>>

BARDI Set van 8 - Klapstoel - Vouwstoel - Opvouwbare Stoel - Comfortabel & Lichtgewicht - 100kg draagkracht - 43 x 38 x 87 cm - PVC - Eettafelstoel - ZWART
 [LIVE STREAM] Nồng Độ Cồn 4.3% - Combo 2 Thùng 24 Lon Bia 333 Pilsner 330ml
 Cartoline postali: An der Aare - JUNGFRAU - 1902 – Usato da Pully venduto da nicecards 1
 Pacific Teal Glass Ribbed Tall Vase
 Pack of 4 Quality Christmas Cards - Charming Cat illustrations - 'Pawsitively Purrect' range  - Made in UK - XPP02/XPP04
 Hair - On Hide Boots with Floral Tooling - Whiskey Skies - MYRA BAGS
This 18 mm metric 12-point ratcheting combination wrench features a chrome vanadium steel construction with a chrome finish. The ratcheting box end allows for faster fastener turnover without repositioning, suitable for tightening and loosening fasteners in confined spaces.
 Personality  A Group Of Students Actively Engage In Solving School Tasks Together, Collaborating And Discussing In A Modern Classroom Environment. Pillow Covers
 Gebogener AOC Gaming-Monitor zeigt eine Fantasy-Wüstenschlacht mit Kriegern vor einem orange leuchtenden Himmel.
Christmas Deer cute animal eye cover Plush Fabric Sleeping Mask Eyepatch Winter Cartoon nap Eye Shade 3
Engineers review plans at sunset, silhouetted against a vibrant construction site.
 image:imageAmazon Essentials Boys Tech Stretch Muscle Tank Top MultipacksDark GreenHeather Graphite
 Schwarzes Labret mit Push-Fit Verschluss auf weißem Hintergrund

<<

▶ **Exercise**
Write every entry out again, exactly as it stands.

▶ **Response area**
BARDI Set van 8 - Klapstoel - Vouwstoel - Opvouwbare Stoel - Comfortabel & Lichtgewicht - 100kg draagkracht - 43 x 38 x 87 cm - PVC - Eettafelstoel - ZWART
 [LIVE STREAM] Nồng Độ Cồn 4.3% - Combo 2 Thùng 24 Lon Bia 333 Pilsner 330ml
 Cartoline postali: An der Aare - JUNGFRAU - 1902 – Usato da Pully venduto da nicecards 1
 Pacific Teal Glass Ribbed Tall Vase
 Pack of 4 Quality Christmas Cards - Charming Cat illustrations - 'Pawsitively Purrect' range  - Made in UK - XPP02/XPP04
 Hair - On Hide Boots with Floral Tooling - Whiskey Skies - MYRA BAGS
This 18 mm metric 12-point ratcheting combination wrench features a chrome vanadium steel construction with a chrome finish. The ratcheting box end allows for faster fastener turnover without repositioning, suitable for tightening and loosening fasteners in confined spaces.
 Personality  A Group Of Students Actively Engage In Solving School Tasks Together, Collaborating And Discussing In A Modern Classroom Environment. Pillow Covers
 Gebogener AOC Gaming-Monitor zeigt eine Fantasy-Wüstenschlacht mit Kriegern vor einem orange leuchtenden Himmel.
Christmas Deer cute animal eye cover Plush Fabric Sleeping Mask Eyepatch Winter Cartoon nap Eye Shade 3
Engineers review plans at sunset, silhouetted against a vibrant construction site.
 image:imageAmazon Essentials Boys Tech Stretch Muscle Tank Top MultipacksDark GreenHeather Graphite
 Schwarzes Labret mit Push-Fit Verschluss auf weißem Hintergrund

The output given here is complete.